## WORK REQUIRED
Nothing in the records may be dropped. Retype them all exactly.

Records from a collection:

++++

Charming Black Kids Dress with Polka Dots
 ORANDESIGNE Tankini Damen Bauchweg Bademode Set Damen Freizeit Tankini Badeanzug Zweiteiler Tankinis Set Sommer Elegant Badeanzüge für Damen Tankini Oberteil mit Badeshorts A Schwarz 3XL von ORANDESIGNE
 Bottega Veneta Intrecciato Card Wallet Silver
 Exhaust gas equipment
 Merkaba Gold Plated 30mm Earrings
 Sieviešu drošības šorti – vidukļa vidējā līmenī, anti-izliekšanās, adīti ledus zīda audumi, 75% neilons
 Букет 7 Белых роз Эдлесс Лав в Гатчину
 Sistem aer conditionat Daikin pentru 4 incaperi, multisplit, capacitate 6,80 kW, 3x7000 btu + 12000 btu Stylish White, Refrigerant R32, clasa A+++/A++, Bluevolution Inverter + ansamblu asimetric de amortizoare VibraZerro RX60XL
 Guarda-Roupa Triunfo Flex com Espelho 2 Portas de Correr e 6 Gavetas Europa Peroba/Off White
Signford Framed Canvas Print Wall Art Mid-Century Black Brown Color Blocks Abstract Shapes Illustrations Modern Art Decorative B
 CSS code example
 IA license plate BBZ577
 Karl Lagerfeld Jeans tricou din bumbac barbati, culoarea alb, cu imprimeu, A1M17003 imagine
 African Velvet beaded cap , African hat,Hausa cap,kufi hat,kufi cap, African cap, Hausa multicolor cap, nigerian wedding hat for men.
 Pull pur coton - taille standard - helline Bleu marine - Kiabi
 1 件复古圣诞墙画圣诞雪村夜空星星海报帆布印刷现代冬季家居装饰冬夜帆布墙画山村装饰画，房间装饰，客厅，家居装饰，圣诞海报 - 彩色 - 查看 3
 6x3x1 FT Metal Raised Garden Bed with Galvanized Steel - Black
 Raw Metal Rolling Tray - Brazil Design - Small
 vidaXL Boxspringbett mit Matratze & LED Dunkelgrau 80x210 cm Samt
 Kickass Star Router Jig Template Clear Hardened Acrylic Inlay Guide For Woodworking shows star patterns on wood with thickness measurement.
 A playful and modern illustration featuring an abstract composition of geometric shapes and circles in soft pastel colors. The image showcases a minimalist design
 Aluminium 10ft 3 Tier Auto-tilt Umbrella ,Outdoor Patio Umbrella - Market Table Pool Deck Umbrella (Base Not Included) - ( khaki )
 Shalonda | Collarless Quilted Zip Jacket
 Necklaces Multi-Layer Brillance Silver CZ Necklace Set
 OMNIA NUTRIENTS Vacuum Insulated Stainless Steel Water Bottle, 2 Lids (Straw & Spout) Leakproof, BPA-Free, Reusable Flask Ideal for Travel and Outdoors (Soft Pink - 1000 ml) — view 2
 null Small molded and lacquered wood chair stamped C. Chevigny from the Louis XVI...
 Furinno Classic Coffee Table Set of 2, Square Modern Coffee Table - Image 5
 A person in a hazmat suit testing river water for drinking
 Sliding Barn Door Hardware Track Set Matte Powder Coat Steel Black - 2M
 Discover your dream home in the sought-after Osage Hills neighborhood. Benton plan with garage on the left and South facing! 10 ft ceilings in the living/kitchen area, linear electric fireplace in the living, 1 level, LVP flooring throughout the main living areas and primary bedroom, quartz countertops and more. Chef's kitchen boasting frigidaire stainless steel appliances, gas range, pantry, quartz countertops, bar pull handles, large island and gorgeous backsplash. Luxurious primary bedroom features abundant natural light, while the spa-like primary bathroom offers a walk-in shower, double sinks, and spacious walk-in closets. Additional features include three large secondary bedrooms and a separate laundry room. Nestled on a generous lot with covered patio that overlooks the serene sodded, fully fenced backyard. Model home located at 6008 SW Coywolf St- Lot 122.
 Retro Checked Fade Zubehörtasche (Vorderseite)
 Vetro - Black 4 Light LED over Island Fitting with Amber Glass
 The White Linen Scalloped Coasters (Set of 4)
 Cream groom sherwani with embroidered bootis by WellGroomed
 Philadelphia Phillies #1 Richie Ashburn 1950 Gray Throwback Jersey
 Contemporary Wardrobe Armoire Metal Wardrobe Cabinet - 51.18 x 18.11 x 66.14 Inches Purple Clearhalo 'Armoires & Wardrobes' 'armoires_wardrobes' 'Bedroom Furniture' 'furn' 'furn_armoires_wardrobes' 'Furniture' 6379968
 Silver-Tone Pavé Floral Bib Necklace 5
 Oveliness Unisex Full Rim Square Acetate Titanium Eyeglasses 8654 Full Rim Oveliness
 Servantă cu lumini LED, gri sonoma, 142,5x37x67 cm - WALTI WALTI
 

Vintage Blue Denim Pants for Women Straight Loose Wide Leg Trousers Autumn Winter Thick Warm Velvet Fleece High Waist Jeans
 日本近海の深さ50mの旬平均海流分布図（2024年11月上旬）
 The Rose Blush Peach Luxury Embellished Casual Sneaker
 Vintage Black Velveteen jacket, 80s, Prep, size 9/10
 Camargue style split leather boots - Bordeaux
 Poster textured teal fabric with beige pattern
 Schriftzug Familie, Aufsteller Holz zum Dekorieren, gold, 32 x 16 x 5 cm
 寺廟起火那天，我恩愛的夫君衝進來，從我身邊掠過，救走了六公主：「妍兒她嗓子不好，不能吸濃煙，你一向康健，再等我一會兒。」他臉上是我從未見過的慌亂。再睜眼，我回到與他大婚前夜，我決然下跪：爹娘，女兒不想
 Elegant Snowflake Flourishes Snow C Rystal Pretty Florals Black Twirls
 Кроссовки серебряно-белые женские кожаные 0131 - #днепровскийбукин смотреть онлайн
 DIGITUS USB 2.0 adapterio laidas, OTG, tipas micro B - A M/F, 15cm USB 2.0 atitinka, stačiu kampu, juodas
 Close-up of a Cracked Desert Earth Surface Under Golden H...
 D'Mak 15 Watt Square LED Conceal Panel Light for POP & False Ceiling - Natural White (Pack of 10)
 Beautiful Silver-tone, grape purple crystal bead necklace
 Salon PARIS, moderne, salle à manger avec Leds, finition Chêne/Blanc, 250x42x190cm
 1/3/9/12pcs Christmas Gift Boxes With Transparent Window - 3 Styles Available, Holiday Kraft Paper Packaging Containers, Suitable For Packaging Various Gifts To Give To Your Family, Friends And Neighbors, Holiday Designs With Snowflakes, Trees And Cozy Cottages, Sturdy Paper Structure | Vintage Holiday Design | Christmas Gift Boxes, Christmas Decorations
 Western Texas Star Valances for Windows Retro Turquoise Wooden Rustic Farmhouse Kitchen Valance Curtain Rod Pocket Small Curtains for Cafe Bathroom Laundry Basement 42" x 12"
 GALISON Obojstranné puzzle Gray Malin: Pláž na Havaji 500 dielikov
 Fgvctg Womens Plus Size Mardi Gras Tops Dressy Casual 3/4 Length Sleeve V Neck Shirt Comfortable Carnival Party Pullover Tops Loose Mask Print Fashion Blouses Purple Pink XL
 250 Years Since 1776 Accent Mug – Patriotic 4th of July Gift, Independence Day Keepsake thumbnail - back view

++++

## ANSWER TO THE PROBLEM
Charming Black Kids Dress with Polka Dots
 ORANDESIGNE Tankini Damen Bauchweg Bademode Set Damen Freizeit Tankini Badeanzug Zweiteiler Tankinis Set Sommer Elegant Badeanzüge für Damen Tankini Oberteil mit Badeshorts A Schwarz 3XL von ORANDESIGNE
 Bottega Veneta Intrecciato Card Wallet Silver
 Exhaust gas equipment
 Merkaba Gold Plated 30mm Earrings
 Sieviešu drošības šorti – vidukļa vidējā līmenī, anti-izliekšanās, adīti ledus zīda audumi, 75% neilons
 Букет 7 Белых роз Эдлесс Лав в Гатчину
 Sistem aer conditionat Daikin pentru 4 incaperi, multisplit, capacitate 6,80 kW, 3x7000 btu + 12000 btu Stylish White, Refrigerant R32, clasa A+++/A++, Bluevolution Inverter + ansamblu asimetric de amortizoare VibraZerro RX60XL
 Guarda-Roupa Triunfo Flex com Espelho 2 Portas de Correr e 6 Gavetas Europa Peroba/Off White
Signford Framed Canvas Print Wall Art Mid-Century Black Brown Color Blocks Abstract Shapes Illustrations Modern Art Decorative B
 CSS code example
 IA license plate BBZ577
 Karl Lagerfeld Jeans tricou din bumbac barbati, culoarea alb, cu imprimeu, A1M17003 imagine
 African Velvet beaded cap , African hat,Hausa cap,kufi hat,kufi cap, African cap, Hausa multicolor cap, nigerian wedding hat for men.
 Pull pur coton - taille standard - helline Bleu marine - Kiabi
 1 件复古圣诞墙画圣诞雪村夜空星星海报帆布印刷现代冬季家居装饰冬夜帆布墙画山村装饰画，房间装饰，客厅，家居装饰，圣诞海报 - 彩色 - 查看 3
 6x3x1 FT Metal Raised Garden Bed with Galvanized Steel - Black
 Raw Metal Rolling Tray - Brazil Design - Small
 vidaXL Boxspringbett mit Matratze & LED Dunkelgrau 80x210 cm Samt
 Kickass Star Router Jig Template Clear Hardened Acrylic Inlay Guide For Woodworking shows star patterns on wood with thickness measurement.
 A playful and modern illustration featuring an abstract composition of geometric shapes and circles in soft pastel colors. The image showcases a minimalist design
 Aluminium 10ft 3 Tier Auto-tilt Umbrella ,Outdoor Patio Umbrella - Market Table Pool Deck Umbrella (Base Not Included) - ( khaki )
 Shalonda | Collarless Quilted Zip Jacket
 Necklaces Multi-Layer Brillance Silver CZ Necklace Set
 OMNIA NUTRIENTS Vacuum Insulated Stainless Steel Water Bottle, 2 Lids (Straw & Spout) Leakproof, BPA-Free, Reusable Flask Ideal for Travel and Outdoors (Soft Pink - 1000 ml) — view 2
 null Small molded and lacquered wood chair stamped C. Chevigny from the Louis XVI...
 Furinno Classic Coffee Table Set of 2, Square Modern Coffee Table - Image 5
 A person in a hazmat suit testing river water for drinking
 Sliding Barn Door Hardware Track Set Matte Powder Coat Steel Black - 2M
 Discover your dream home in the sought-after Osage Hills neighborhood. Benton plan with garage on the left and South facing! 10 ft ceilings in the living/kitchen area, linear electric fireplace in the living, 1 level, LVP flooring throughout the main living areas and primary bedroom, quartz countertops and more. Chef's kitchen boasting frigidaire stainless steel appliances, gas range, pantry, quartz countertops, bar pull handles, large island and gorgeous backsplash. Luxurious primary bedroom features abundant natural light, while the spa-like primary bathroom offers a walk-in shower, double sinks, and spacious walk-in closets. Additional features include three large secondary bedrooms and a separate laundry room. Nestled on a generous lot with covered patio that overlooks the serene sodded, fully fenced backyard. Model home located at 6008 SW Coywolf St- Lot 122.
 Retro Checked Fade Zubehörtasche (Vorderseite)
 Vetro - Black 4 Light LED over Island Fitting with Amber Glass
 The White Linen Scalloped Coasters (Set of 4)
 Cream groom sherwani with embroidered bootis by WellGroomed
 Philadelphia Phillies #1 Richie Ashburn 1950 Gray Throwback Jersey
 Contemporary Wardrobe Armoire Metal Wardrobe Cabinet - 51.18 x 18.11 x 66.14 Inches Purple Clearhalo 'Armoires & Wardrobes' 'armoires_wardrobes' 'Bedroom Furniture' 'furn' 'furn_armoires_wardrobes' 'Furniture' 6379968
 Silver-Tone Pavé Floral Bib Necklace 5
 Oveliness Unisex Full Rim Square Acetate Titanium Eyeglasses 8654 Full Rim Oveliness
 Servantă cu lumini LED, gri sonoma, 142,5x37x67 cm - WALTI WALTI
 

Vintage Blue Denim Pants for Women Straight Loose Wide Leg Trousers Autumn Winter Thick Warm Velvet Fleece High Waist Jeans
 日本近海の深さ50mの旬平均海流分布図（2024年11月上旬）
 The Rose Blush Peach Luxury Embellished Casual Sneaker
 Vintage Black Velveteen jacket, 80s, Prep, size 9/10
 Camargue style split leather boots - Bordeaux
 Poster textured teal fabric with beige pattern
 Schriftzug Familie, Aufsteller Holz zum Dekorieren, gold, 32 x 16 x 5 cm
 寺廟起火那天，我恩愛的夫君衝進來，從我身邊掠過，救走了六公主：「妍兒她嗓子不好，不能吸濃煙，你一向康健，再等我一會兒。」他臉上是我從未見過的慌亂。再睜眼，我回到與他大婚前夜，我決然下跪：爹娘，女兒不想
 Elegant Snowflake Flourishes Snow C Rystal Pretty Florals Black Twirls
 Кроссовки серебряно-белые женские кожаные 0131 - #днепровскийбукин смотреть онлайн
 DIGITUS USB 2.0 adapterio laidas, OTG, tipas micro B - A M/F, 15cm USB 2.0 atitinka, stačiu kampu, juodas
 Close-up of a Cracked Desert Earth Surface Under Golden H...
 D'Mak 15 Watt Square LED Conceal Panel Light for POP & False Ceiling - Natural White (Pack of 10)
 Beautiful Silver-tone, grape purple crystal bead necklace
 Salon PARIS, moderne, salle à manger avec Leds, finition Chêne/Blanc, 250x42x190cm
 1/3/9/12pcs Christmas Gift Boxes With Transparent Window - 3 Styles Available, Holiday Kraft Paper Packaging Containers, Suitable For Packaging Various Gifts To Give To Your Family, Friends And Neighbors, Holiday Designs With Snowflakes, Trees And Cozy Cottages, Sturdy Paper Structure | Vintage Holiday Design | Christmas Gift Boxes, Christmas Decorations
 Western Texas Star Valances for Windows Retro Turquoise Wooden Rustic Farmhouse Kitchen Valance Curtain Rod Pocket Small Curtains for Cafe Bathroom Laundry Basement 42" x 12"
 GALISON Obojstranné puzzle Gray Malin: Pláž na Havaji 500 dielikov
 Fgvctg Womens Plus Size Mardi Gras Tops Dressy Casual 3/4 Length Sleeve V Neck Shirt Comfortable Carnival Party Pullover Tops Loose Mask Print Fashion Blouses Purple Pink XL
 250 Years Since 1776 Accent Mug – Patriotic 4th of July Gift, Independence Day Keepsake thumbnail - back view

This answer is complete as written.